What is Act on Minnesota Water?
Act on Minnesota Water is a statewide campaign to focus public awareness on the decline of Minnesota’s water quality and to take action to protect and restore our water resources for the current and future generations.
Minnesotans say that water is our state’s most important natural resource.
“It’s as Minnesotan as apple pie to mouth support for clean water, which makes for a puzzling disconnect from the inconvenient fact that the quality of the state’s legendary waters is spiraling in decline.” – Ron Way, Star Tribune, February 5, 2016.
* Campaign Goal – To work collaboratively to raise awareness and to educate the public, key stakeholders, and decision-makers about our state’s water quality and water quantity problems.
Minnesota’s water belongs to all of us.
Last year, when Governor Dayton announced his buffer initiative he reminded farmers that, “The land may be yours, but the water belongs to all of us.”
Water is essential for life and is critical to the health of our environment, communities, industries, and economy. The state has long played a leadership role in protecting and restoring our water, and Governor Dayton is right to call for further action on a variety of urgent water quality issues in our state.

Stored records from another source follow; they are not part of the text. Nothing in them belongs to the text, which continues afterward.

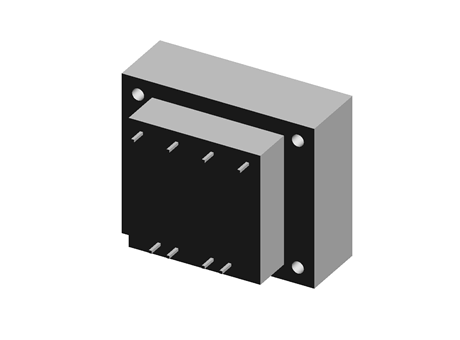 9V ac 2 Output Through Hole PCB Transformer, 12VA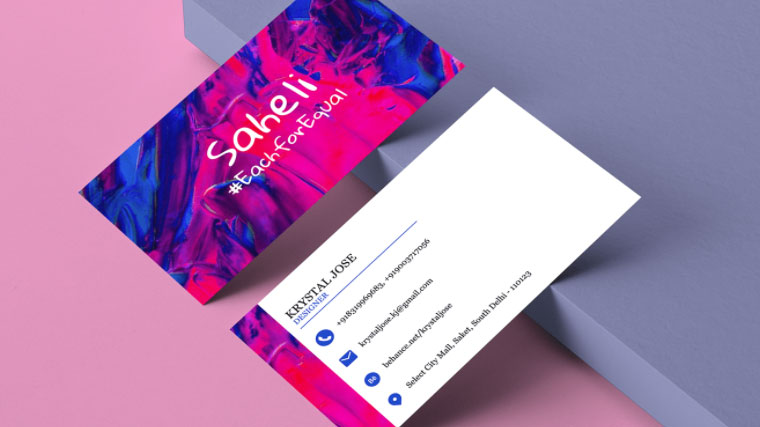 Modern Trendy Business Card Example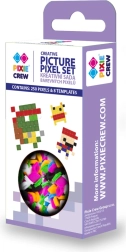 PIXIE CREW kreativni pikslov set – 250 pikslov in 8 predlog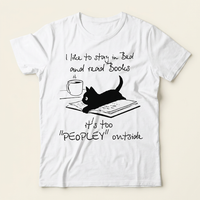 Too Peopley Graphic Tee | Funny Cat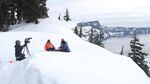 "Oregon Field Guide" filming on location in Crater Lake National Park.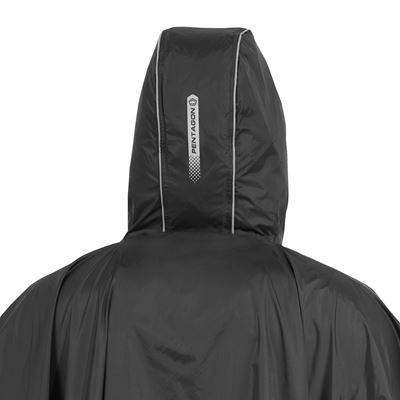 Poncho impermeabile CLOUDBURST NERO PENTAGON K07018-01 4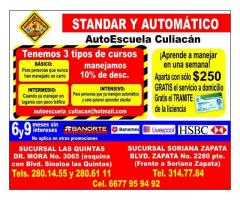 Autoescuela CUliacan cursos de manejo aqui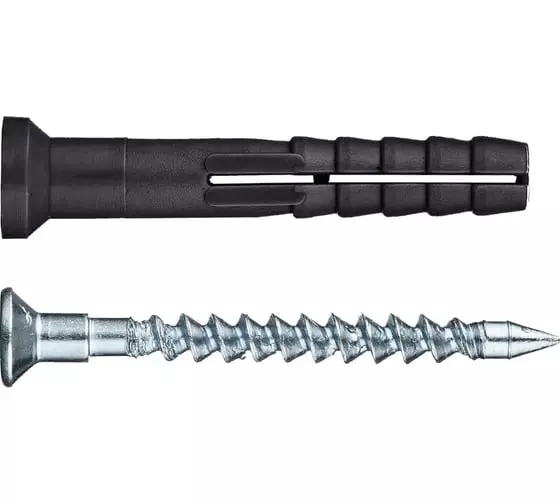 Дюбель-гвоздь 8х80 потай.борт SteelRex кор.с окном 40шт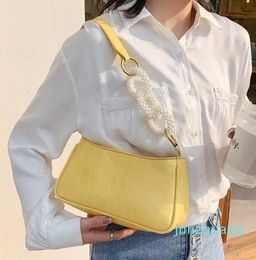 Luxury Pearl Shoulder Bag Style Summer Square Single Underarm Crossbody Cross Body 2022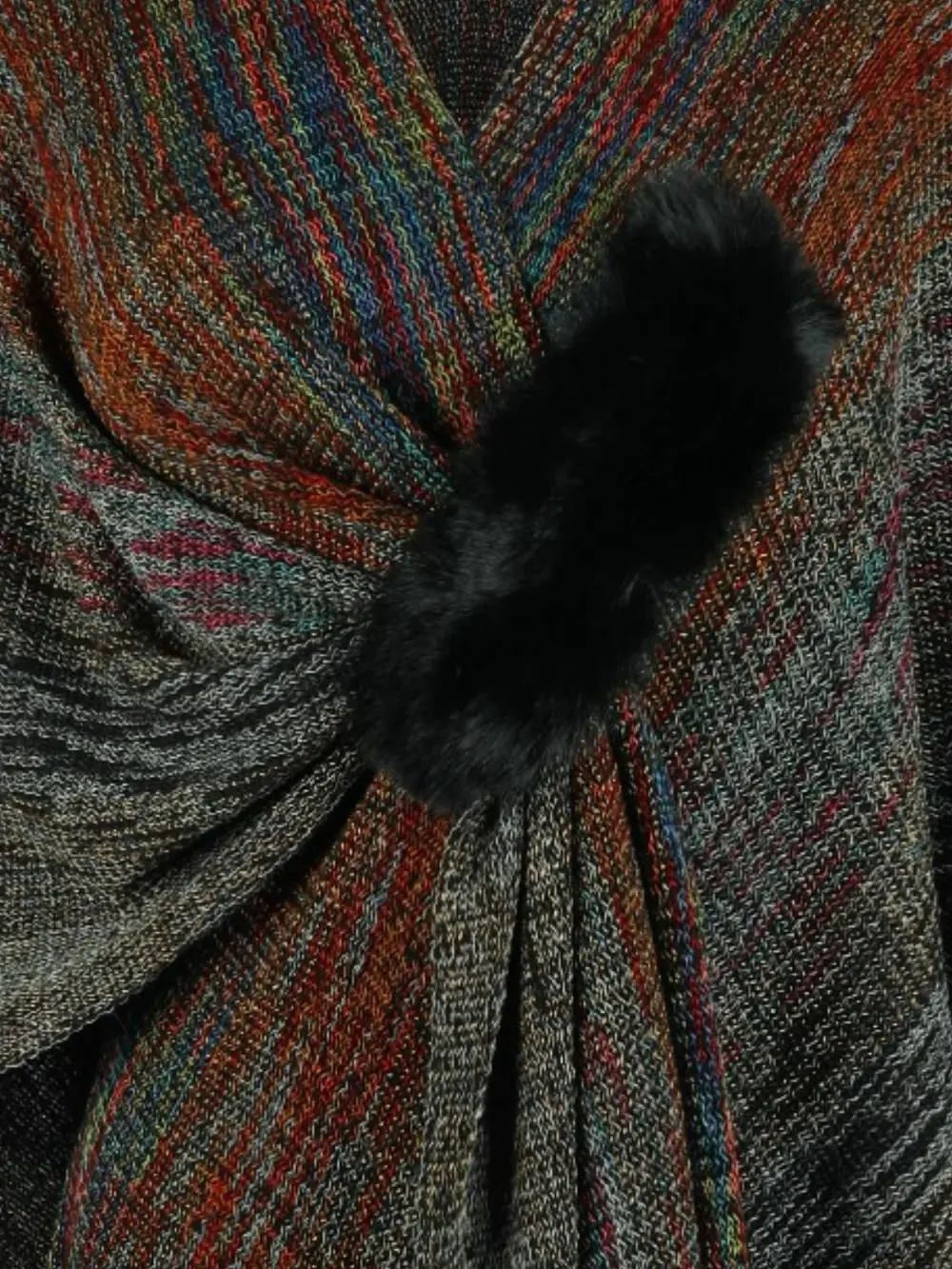 Heathered Fringe Hem Poncho, image 10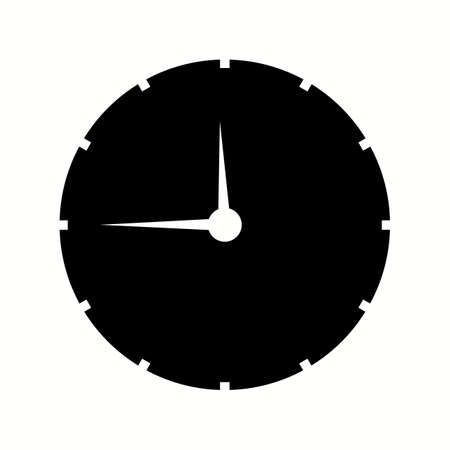 Unique Clock Glyph Vector Iconのイラスト素材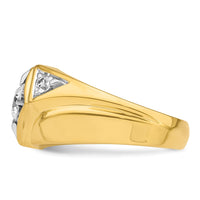 Load image into Gallery viewer, IBGoodman 14k with White Rhodium 7/8 carat Lab Grown Diamond VS/SI+ G+ Complete Polished and Satin Men&#39;s Ring

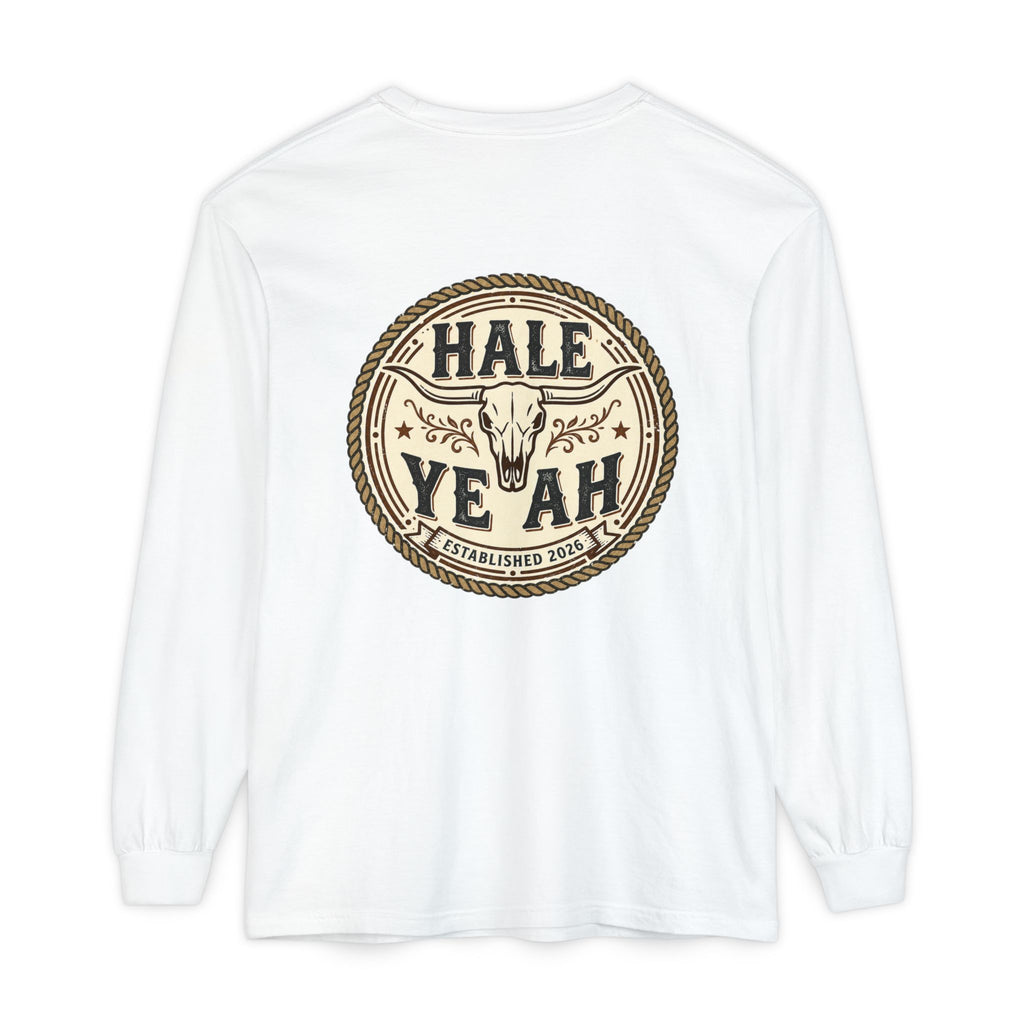 Hale Ye Ah Long Sleeve Tee — Western Skull Logo Shirt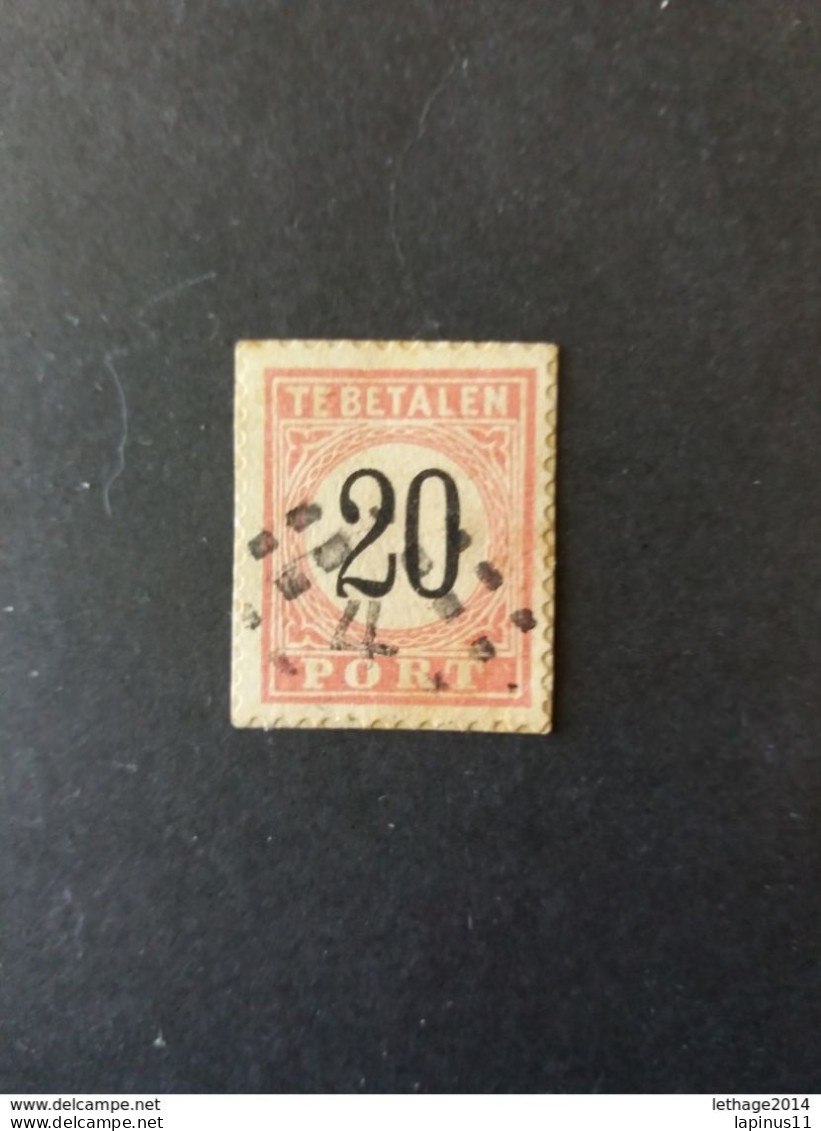 NEDERLAND PAESI BASSI INDIE ORIENTALI OLANDESI 1882 TAX FISCAL NUMERAL TYPE II FRAGMANT - Netherlands Indies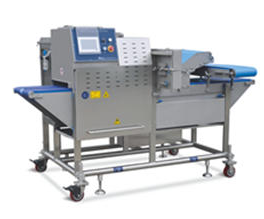 What are the features of our intelligent meat dicer machine?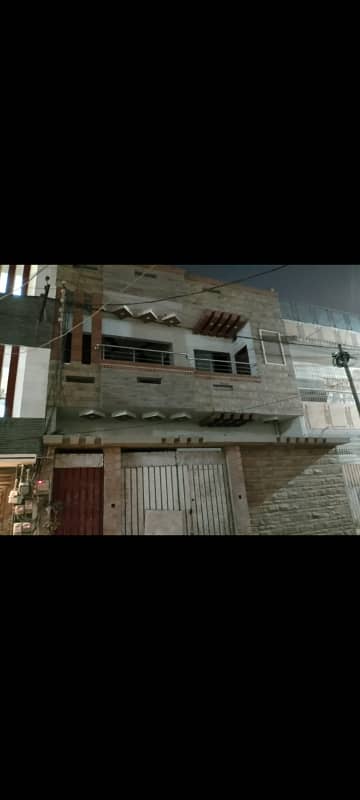 North Karachi vvip sector 10 120 Gaz new barnd G+1 west oppin house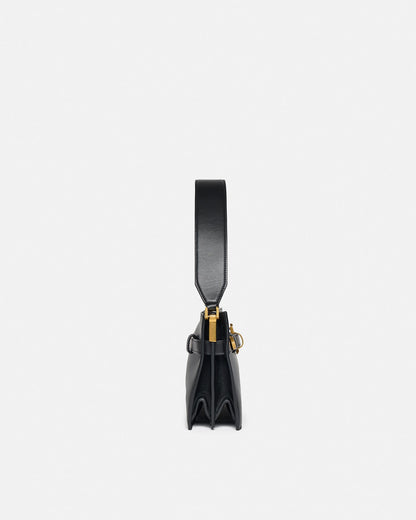 Harmonica Mini Leather bag - Black | Nanushka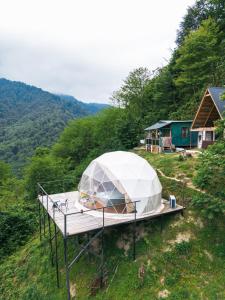 Příroda nedaleko luxury tent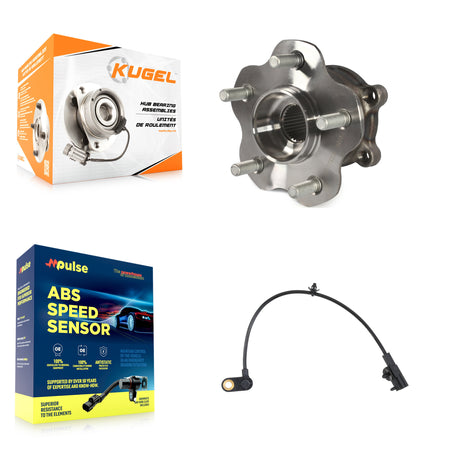 Rear Wheel Hub Bearing And ABS Sensor Kit For INFINITI Q50 Q60 Nissan Z K7S-103092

* Campaign Goal – To fervently advocate for transformational solutions that will protect and restore Minnesota’s waters now and forever.
The Clean Water Act was passed in 1972.
Minnesota’s governmental agencies have had oversight authority over Minnesota’s water quality for decades. And advocacy groups have worked in the public interest to improve water quality for just as long. Then why are the efforts to protect and restore our state’s waters not matching up to the challenge?
Power and politics are why.
The public health and the environment are pushed aside while polluters make deals with politicians, get a free pass, and push the costs of cleaning up our waters off to the rest of us.
* Campaign Goal – To shine a light on polluters and hold them responsible for the water quality degradation they cause and to demand real corrective action from those who are charged with holding polluters accountable.